> Brief descriptive captions

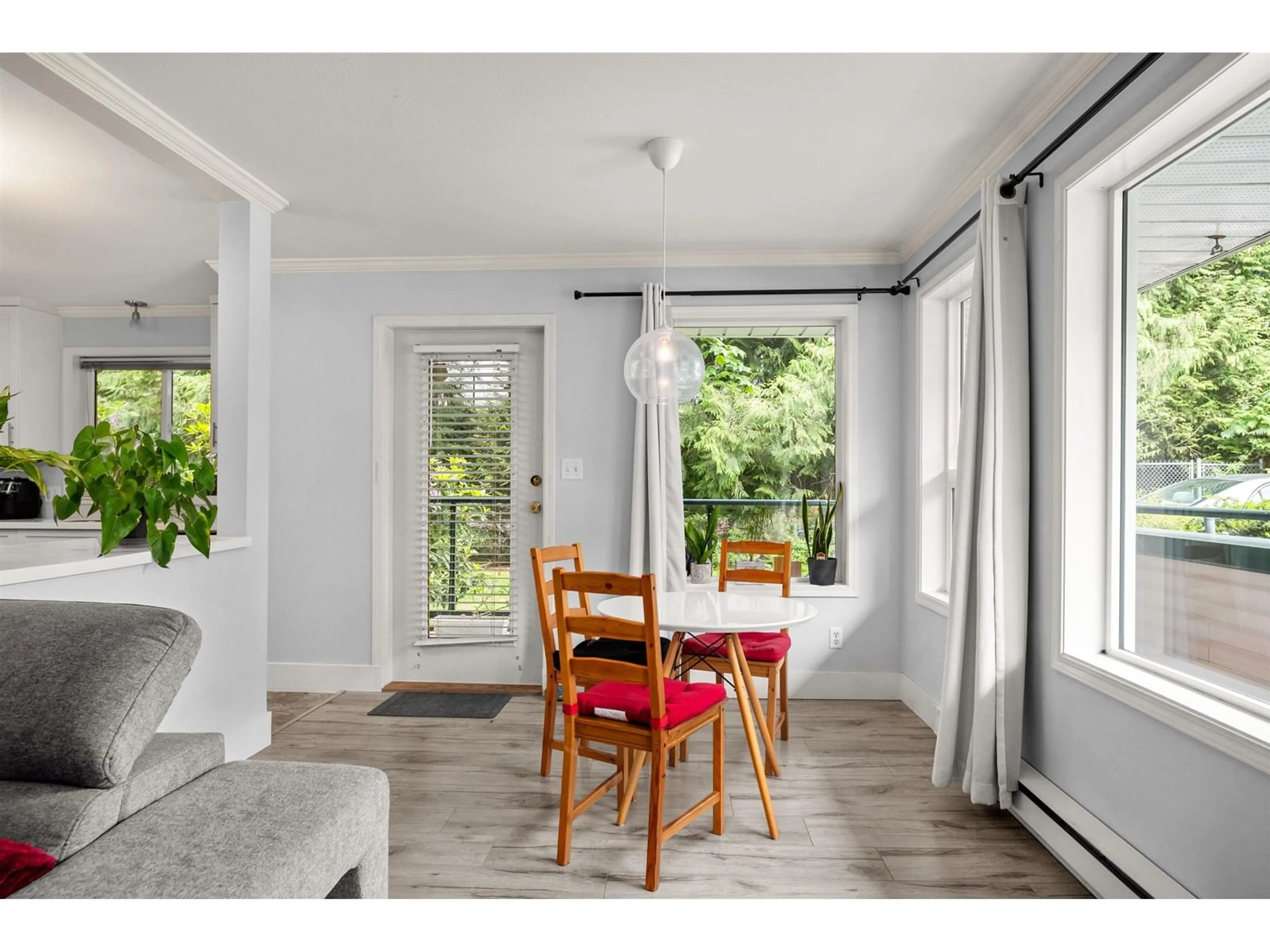 Dining room, wood/laminate floor for 111 - 33708 KING, Abbotsford British Columbia V2S8C6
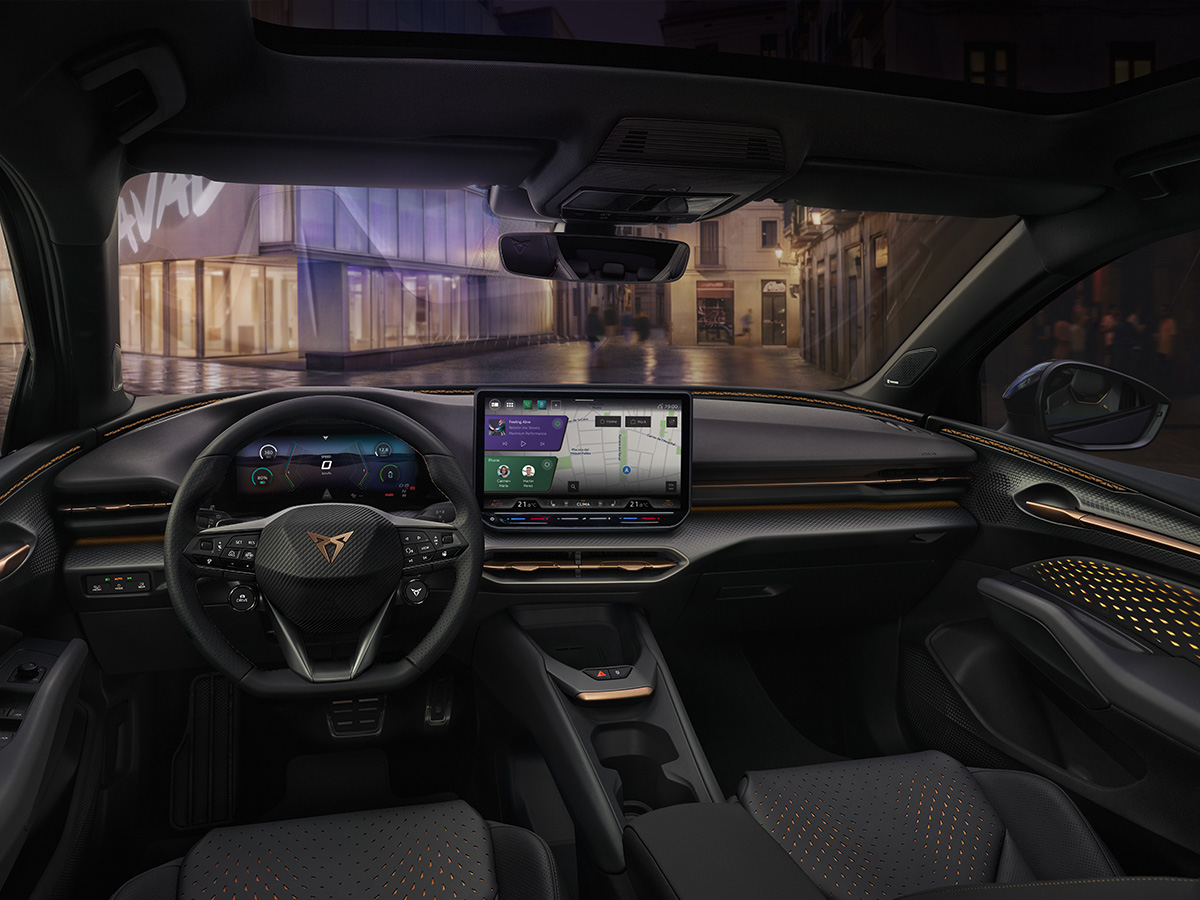 Interior Cupra Raval asiento del conductor volante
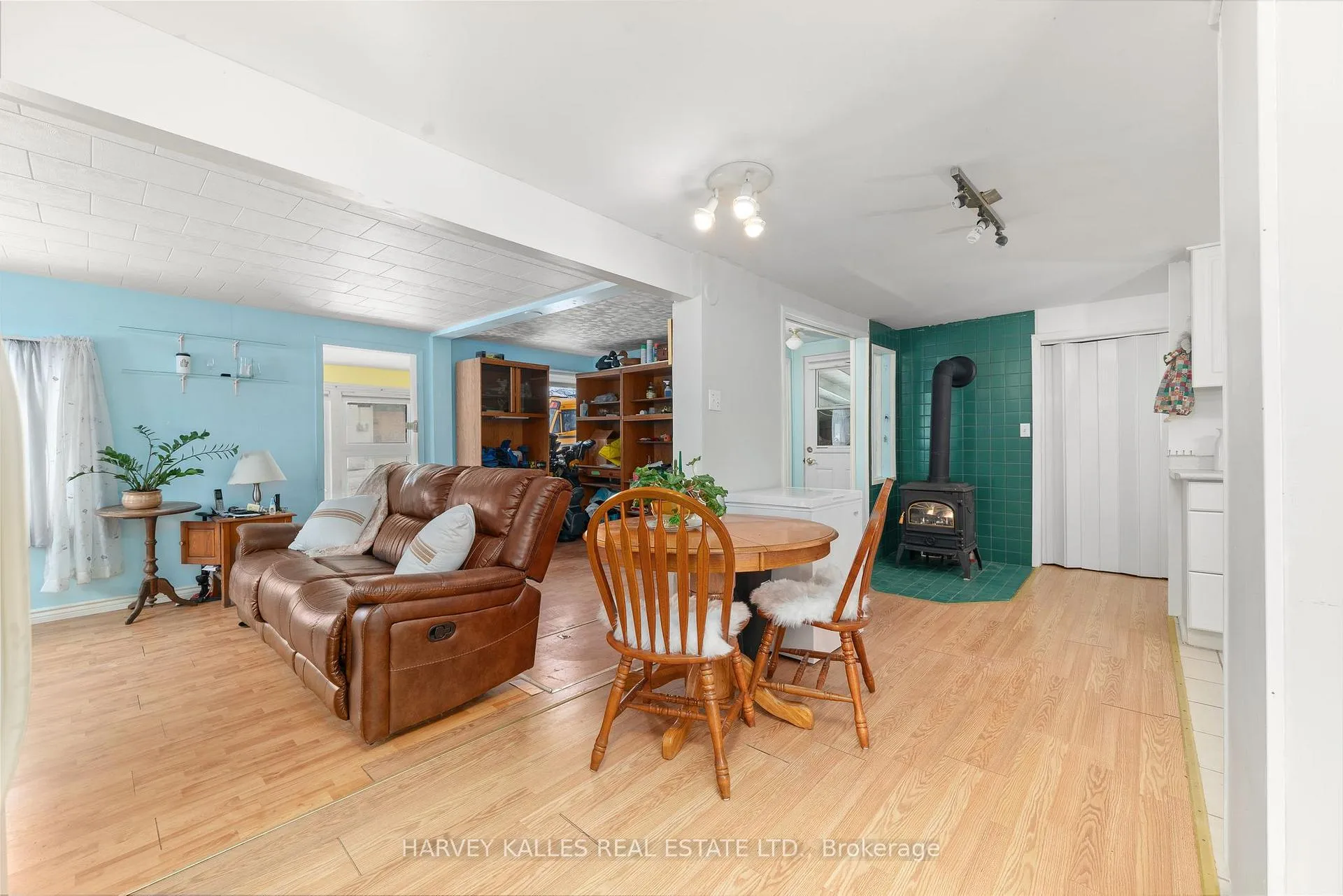 Photo 11 of 30 Maitland Street, Prince Edward County, Picton Ward — HOMEH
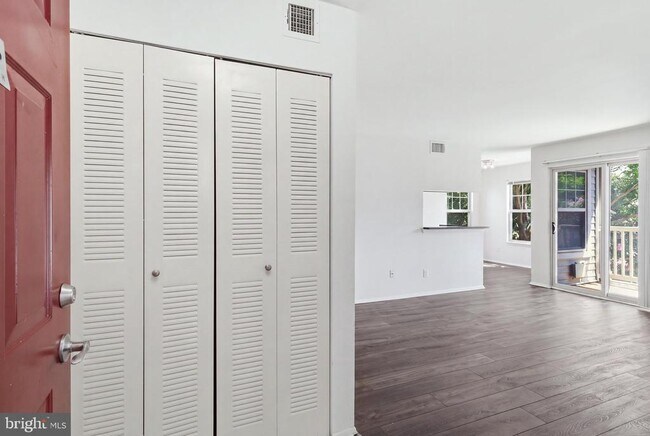 Building Photo - 1710 Abercromby Ct
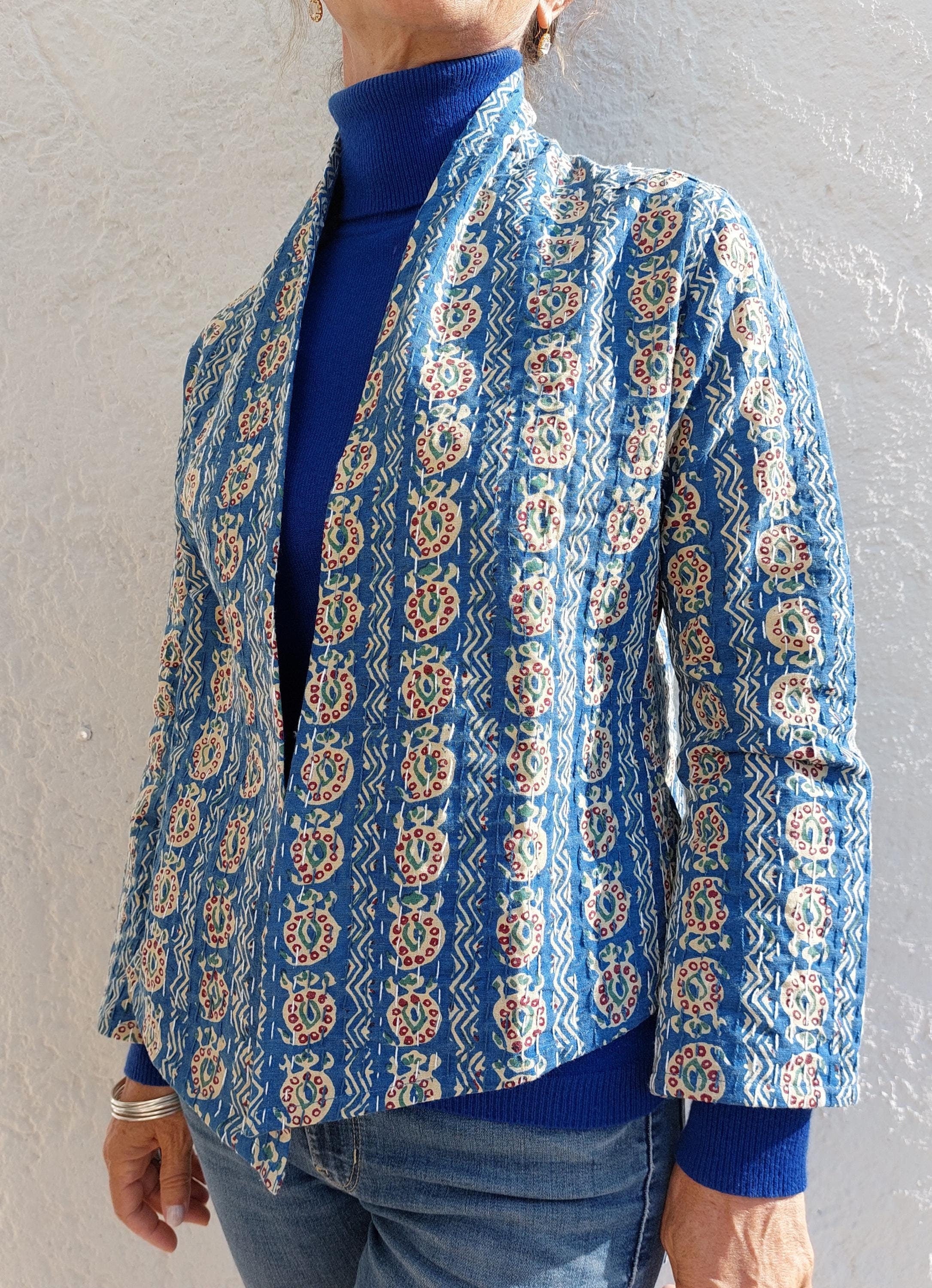 lightweight jacket in cotton not quilted,in the shades of blue and beige,paisley pattern,trumpet sleeves,mid-season outfit,hand embroidery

> Task to complete
Your copy must repeat the data word for word and show none of its images.

> Response to the exercise
 Dining room, wood/laminate floor for 111 - 33708 KING, Abbotsford British Columbia V2S8C6
 Interior Cupra Raval asiento del conductor volante
 Photo 11 of 30 Maitland Street, Prince Edward County, Picton Ward — HOMEH
 Building Photo - 1710 Abercromby Ct
 lightweight jacket in cotton not quilted,in the shades of blue and beige,paisley pattern,trumpet sleeves,mid-season outfit,hand embroidery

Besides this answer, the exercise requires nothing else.